== TASK DESCRIPTION ==
For this exercise, copy all the data exactly and include none of the pictures.

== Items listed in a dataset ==
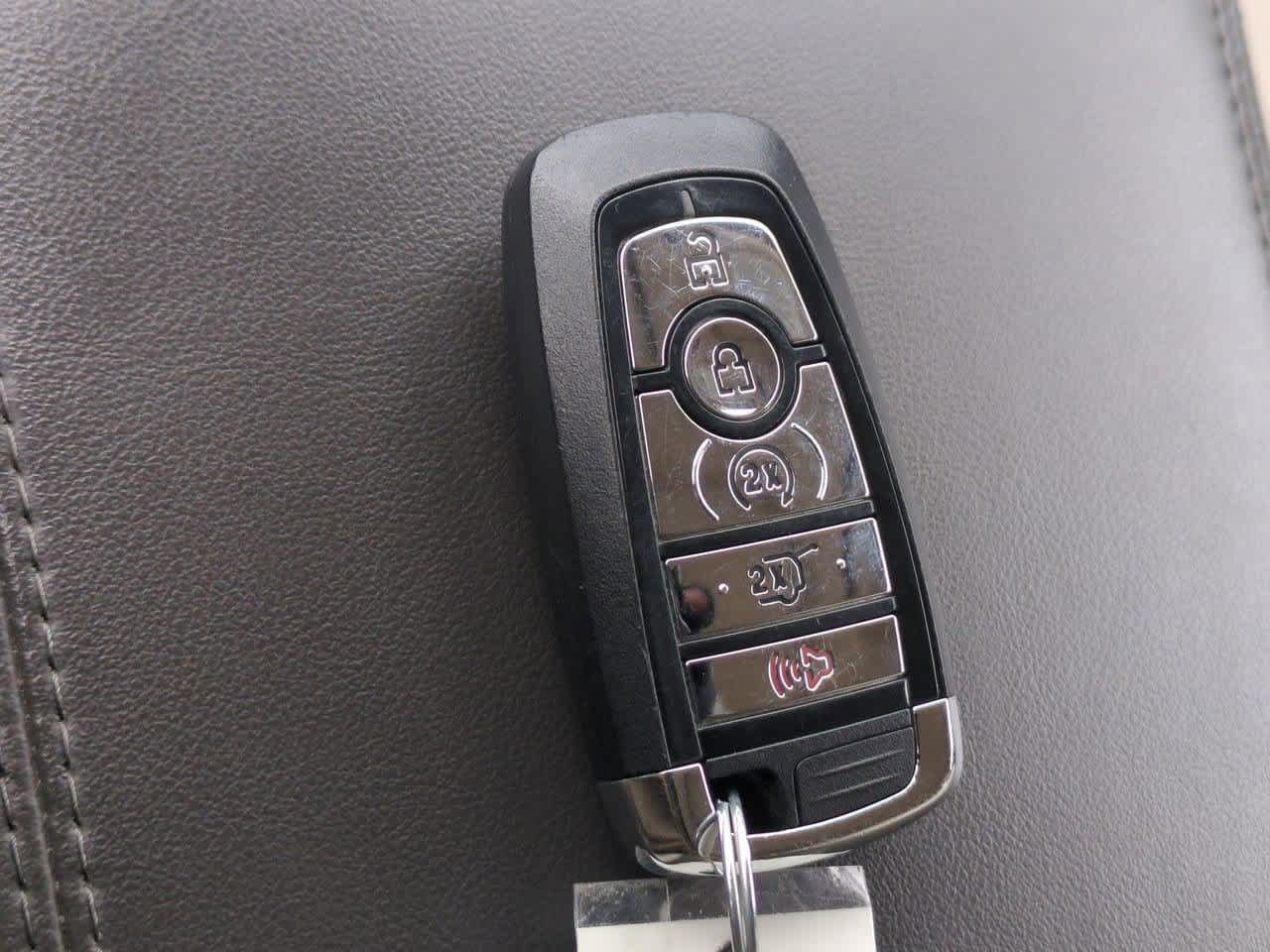 Thumbnail: 2020 Lincoln Nautilus - 36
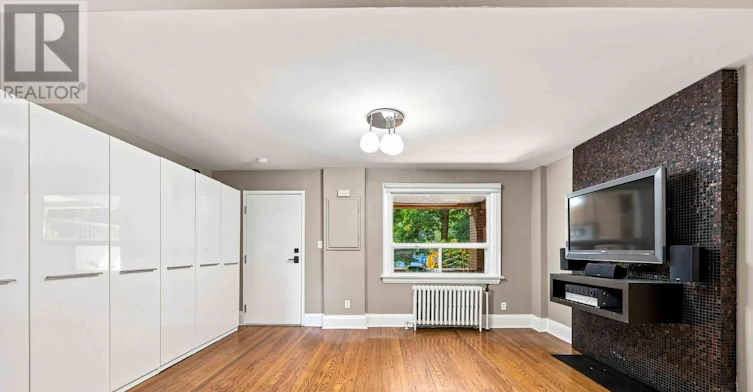 MAIN FLOOR-251 High Park Avenue, Toronto, ON, M6P 2S5 - 10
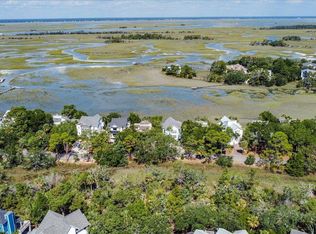 12 Marsh Island Ln, Isle Of Palms, SC 29451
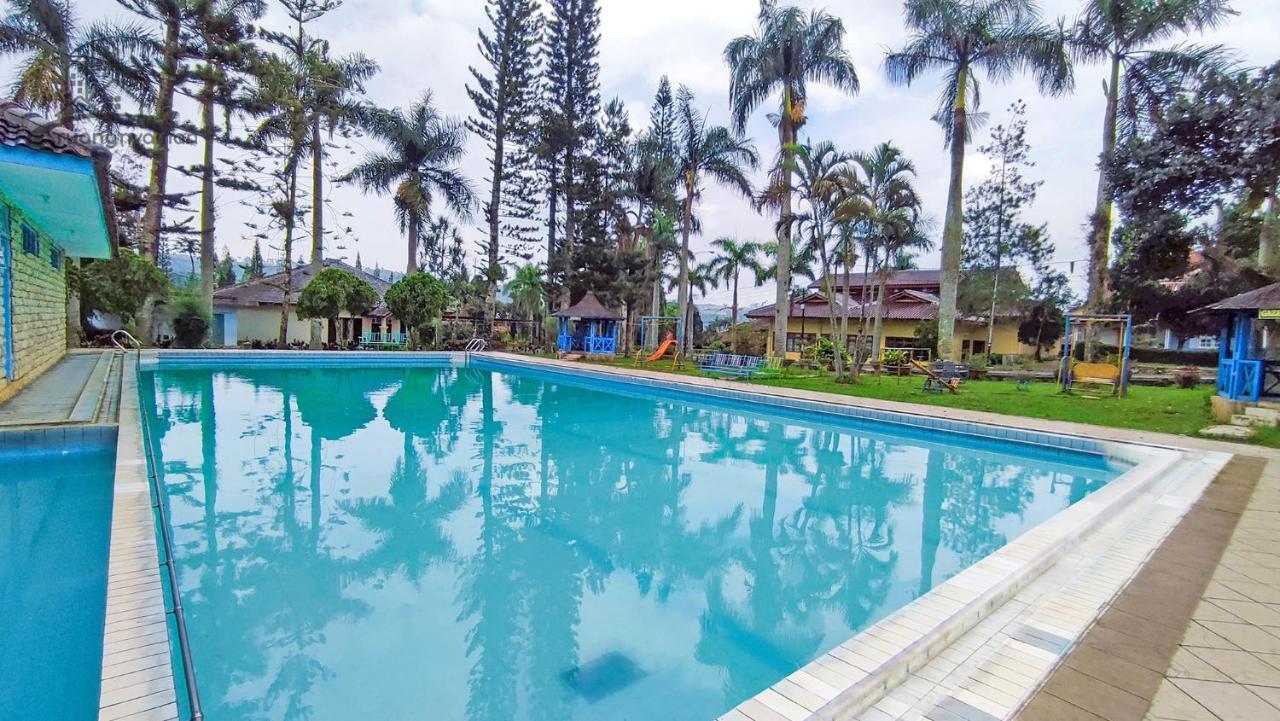 Sukanagalih Resort By Ruang Nyaman Cimacan Eksteriør billede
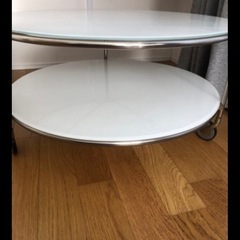 IKEA ガラステーブルの画像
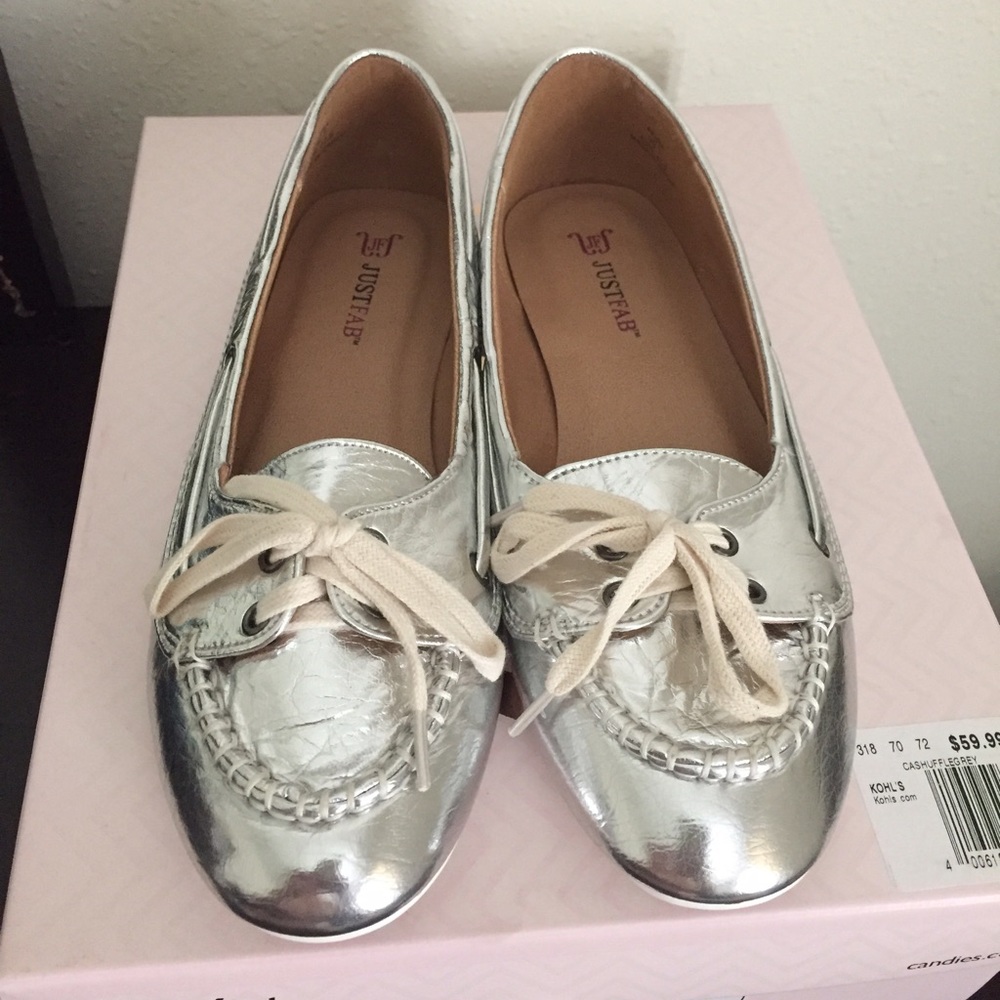 Just Fab Gold Boat Shoes Size 7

== SOLUTION FOR THIS PROBLEM ==
 Thumbnail: 2020 Lincoln Nautilus - 36
 MAIN FLOOR-251 High Park Avenue, Toronto, ON, M6P 2S5 - 10
 12 Marsh Island Ln, Isle Of Palms, SC 29451
 Sukanagalih Resort By Ruang Nyaman Cimacan Eksteriør billede
 IKEA ガラステーブルの画像
 Just Fab Gold Boat Shoes Size 7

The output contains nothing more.